# Moving to New Mexico



## HuntingCrazy (Sep 8, 2007)

So I'm moving to New Mexico, Las Cruces to be exact. 
Anyone know anything about the hunting and fishing down there? I've gone over their DWR's website and Big-Game proclamations. They look 10 times more confusing than any proclamation I've ever seen.
Anyway if anyone can give me some pointers as to some outdoor activities, let me know!


----------



## Treehugnhuntr (Sep 7, 2007)

Oryx on the white sands, Ibex, Gila elk, antelope and decent muley hunting. Plenty to do within a few hours of Las Cruces. I'm not sure about the fishing, but I would imagine There are few bass ponds around.


----------



## The Naturalist (Oct 13, 2007)

HuntingCrazy said:


> So I'm moving to New Mexico, Las Cruces to be exact.
> Anyone know anything about the hunting and fishing down there?


I spent 6 months in Las Cruces as an LDS Missionary so I didn't actually do any hunting or fishing, but since I love hunting and fishing, I noticed places I thought may be good. For big game similar to Utah (Mule Deer, Elk, etc.) Northwest of Las Cruces are the mountains above Silver City, beautiful country! To the east of Alamagordo are the Ruidoso mountains, again, very beautiful, but not sure of the public access. 
There are also some exotics brought in for the lowland desert areas that TREE mentioned, plus Javelina around the Deming area. There are tons of quail (make sure Dick Cheney is not hunting in the area :lol: ) and dove. 
For fishing there is Elephant Butte Dam and reservoir. I'm not sure about the Rio Grande. There are so many demands on the water from it that its flow is severely limited. However, you may find some spots that would be nice.
White Sands National Monument is a must see (just not in July). There are lots of places to explore the deserts of southern New Mexico. The people are very friendly, I loved the time I was there, so ENJOY!!
Just curious as to what takes you to Las Cruces?


----------



## Huge29 (Sep 17, 2007)

One of the BLM guys in Price is from Las Cruces and is a hard core outdoorsmand and good friend, PM me if interested.


----------



## bwhntr (Sep 12, 2007)

Treehugnhuntr said:


> Oryx on the white sands, Ibex, Gila elk, antelope and decent muley hunting. Plenty to do within a few hours of Las Cruces. I'm not sure about the fishing, but I would imagine There are few bass ponds around.

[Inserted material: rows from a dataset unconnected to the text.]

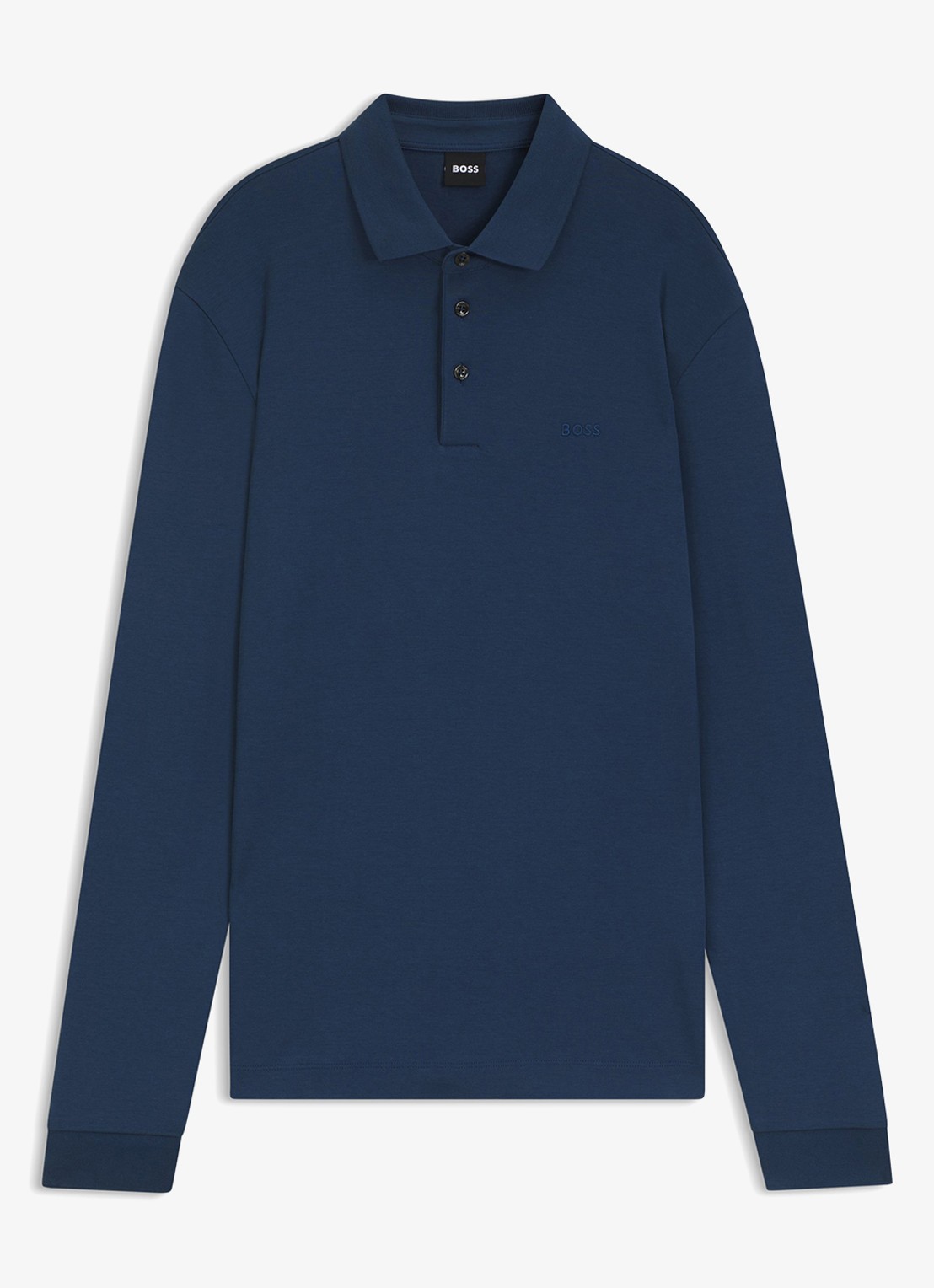 BOSS Pado regular fit polo met logo en stretch  - voorkant 4 petrol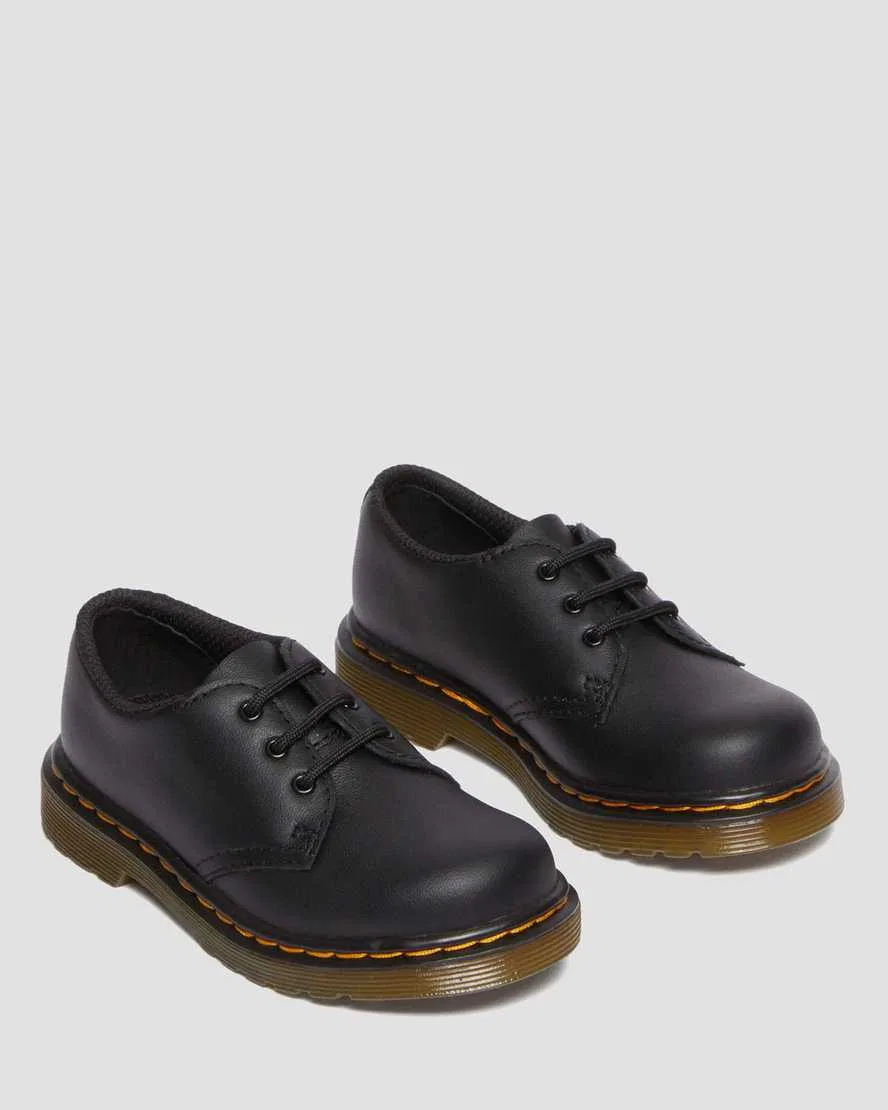 Детские туфли-оксфорды Dr Martens 1461 Junior, мягкая кожа, черный — фото 4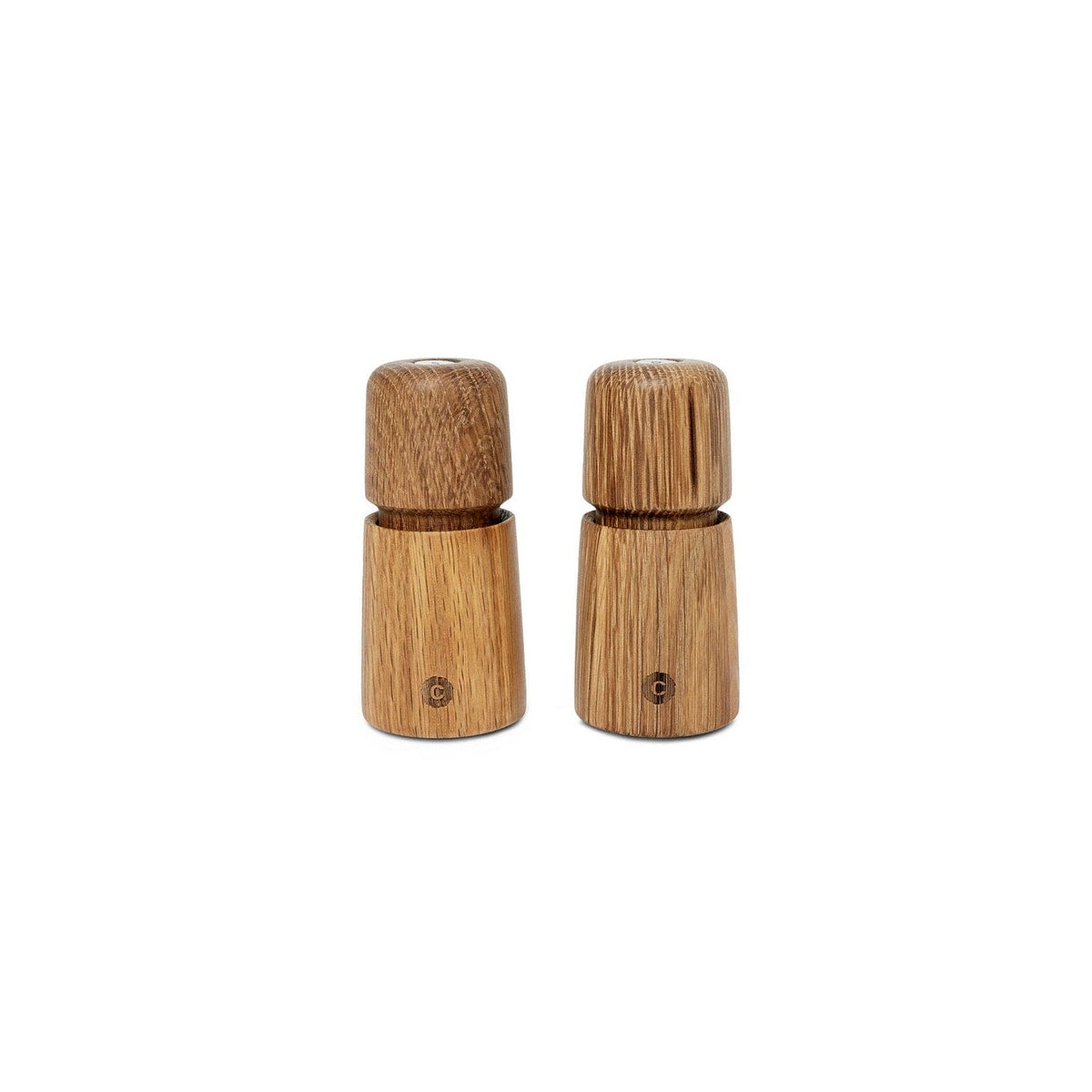 CrushGrind Stockholm set of wooden pepper and salt grinders 11 cm, 070270-2002-2PC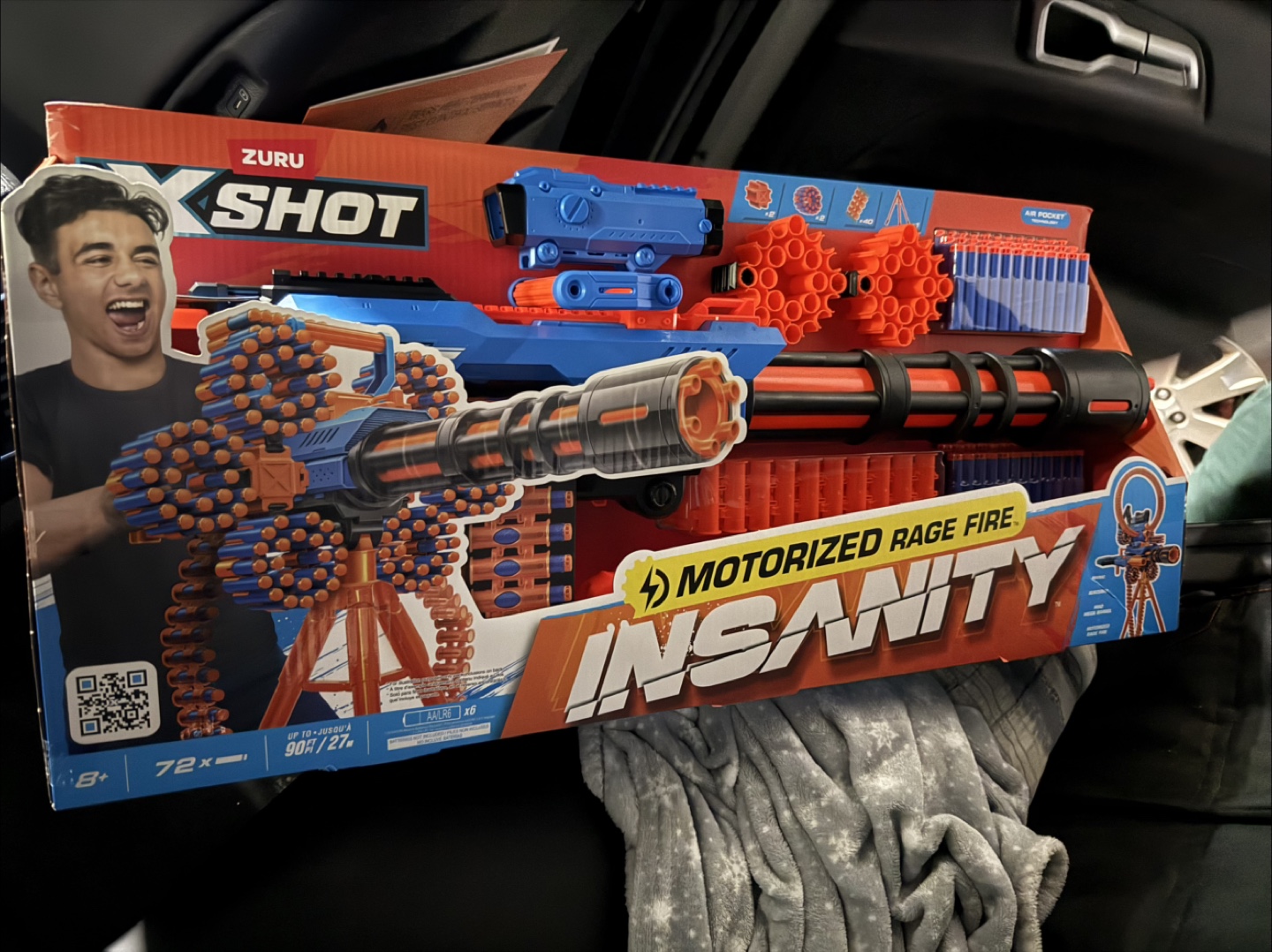 Zuru X-Shot Insanity Motorized Rage Fire Toy Blaster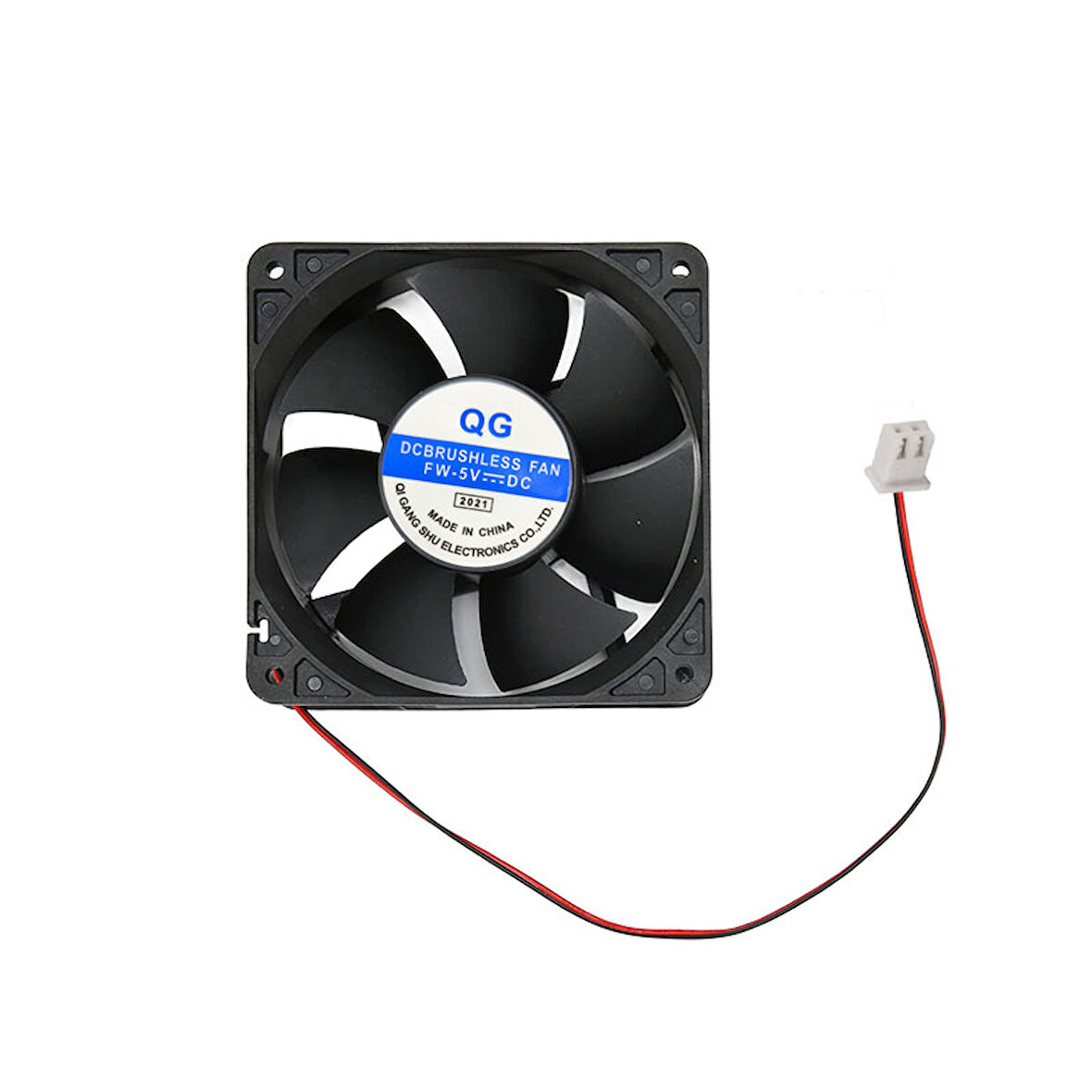 5v 8cm 2 pinli fan 8cm x 8cm x 2.5cm DC 5v fan 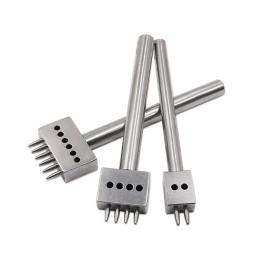 Ferramenta de perfuração de couro com espaçamento de 4mm5mm6mm, 2/4/6 pinos, perfurador de costura, cinzel de couro para trabalho de couro, ferramentas artesanais - Image 3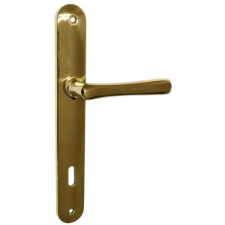 Nosztalgia Pro domború rugós lemezes Réz 85 mm PZ zár és alkatrészei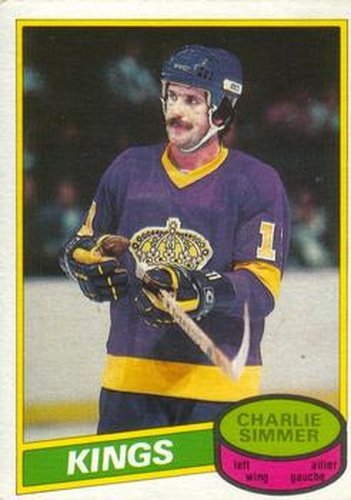 #240 Charlie Simmer - Los Angeles Kings - 1980-81 O-Pee-Chee Hockey
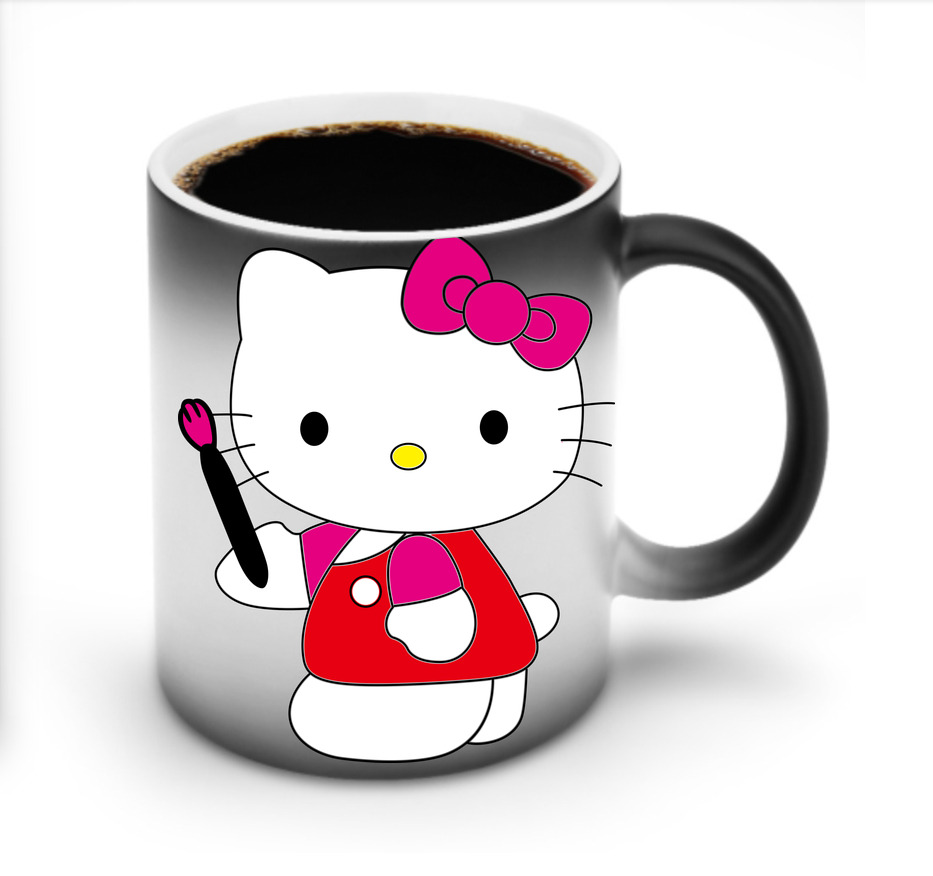 （画像用） Hello Kitty ハローキティ 温度変色マグカップ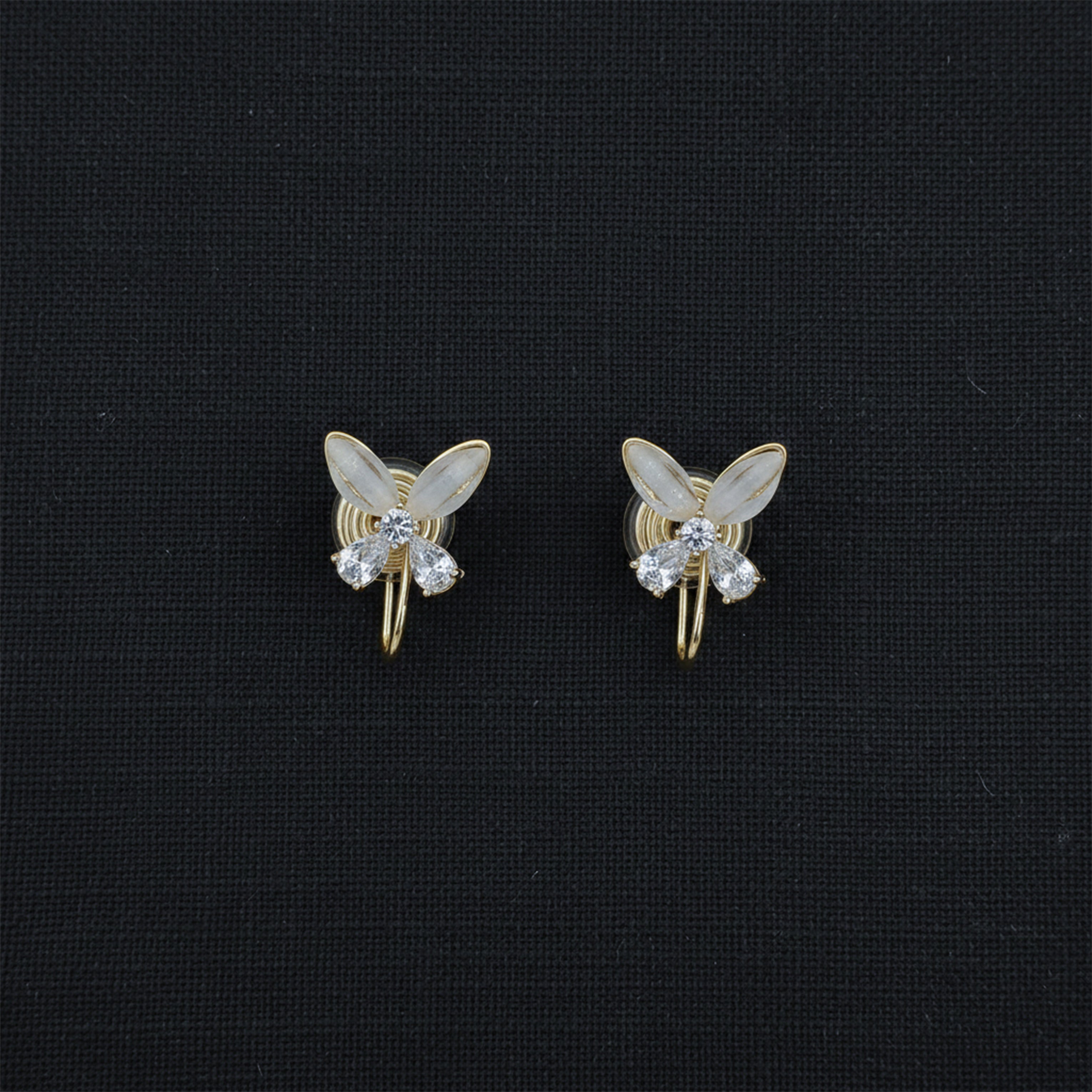 Golden Bloom Hoop Stud Earrings GWE -101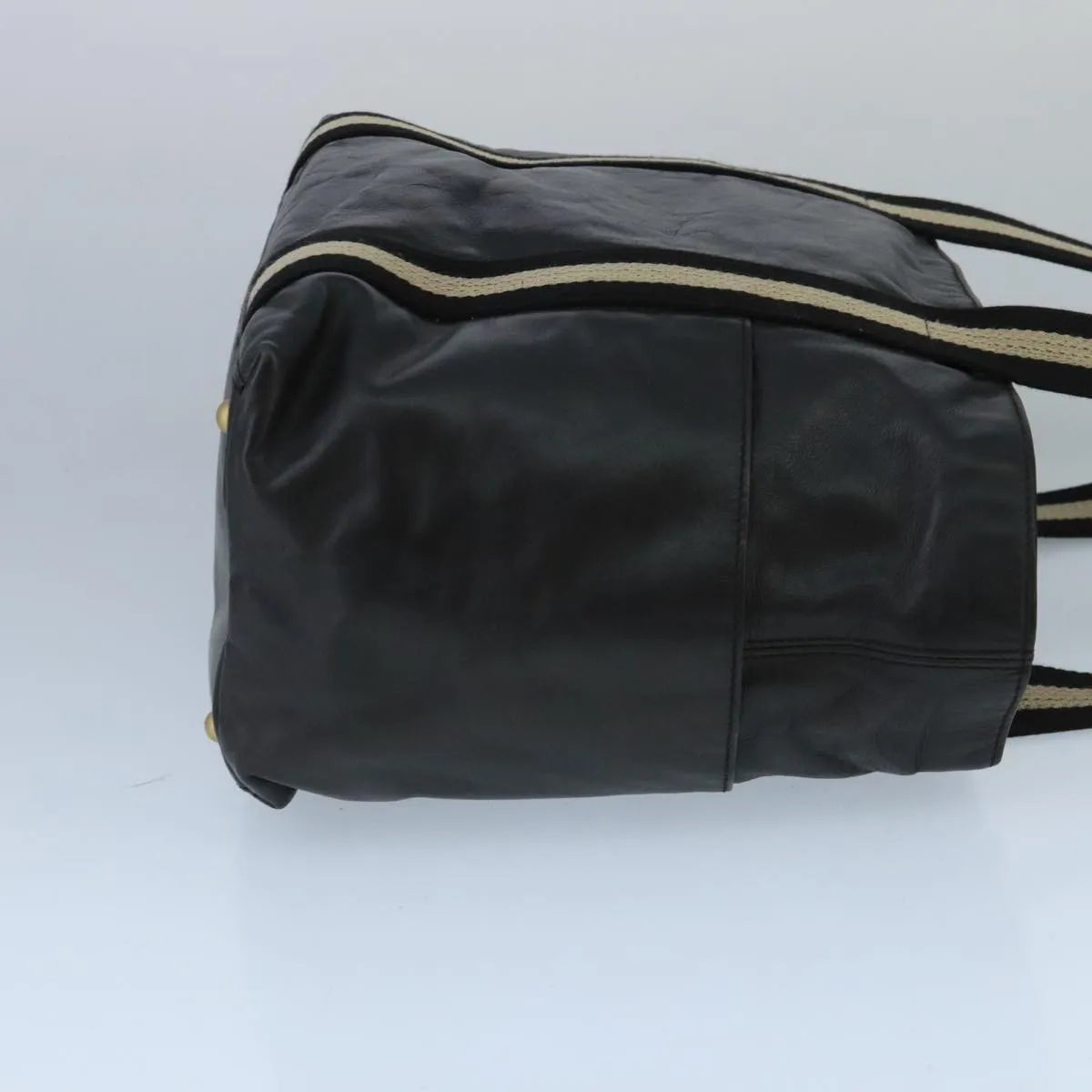 Bally Vintage Leather, Black, Leather, Tote Bag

On my list to hunt is the Oryx in New Mexico. I hear it is a easy hunt, but man they are neat looking animals!


----------



## HuntingCrazy (Sep 8, 2007)

> Just curious as to what takes you to Las Cruces?


I'm heading back to school. Going to pursue a Ph.D. in Business.

Thanks for the insights. Have you guys tried reading their big-game proclamations. It looks as though you have to know the exact spot you're going to hunt before you apply.
Crazy! I'll have to stick with small game this first year since the draws are over.


----------



## OKEE (Jan 3, 2008)

HuntingCrazy said:


> > Just curious as to what takes you to Las Cruces?
> 
> 
> I'm heading back to school. Going to pursue a Ph.D. in Business.
> ...


U of C ? I'll be at the Aggie stadium in august to watch my son play a preseason football game. Lookin forward going and checking out white sands ,ruidoso, carlsbad caverns when down there.


----------



## Riverrat77 (Sep 7, 2007)

My dad was a park ranger in the Caverns... I've been there a ton of times over the summers and fall growing up since I have family in Carlsbad. Muley hunting is good (my uncle and two cousins usually fill tags every year), as is Antelope hunting down in the south. Tons of rabbits!!! :lol: I have a friend with Badlands that has hunted elk in the northern mountains and my cousin Brian killed a really big 7X7 in the Northwest corner I believe. When I moved from the state job, I lost all my pictures of his animals or I'd post it up for you. My cousins have also taken some nice sheep off the mountains south of Carlsbad... between there and El Paso.


----------



## #1DEER 1-I (Sep 10, 2007)

Still check in often HuntingCrazy


----------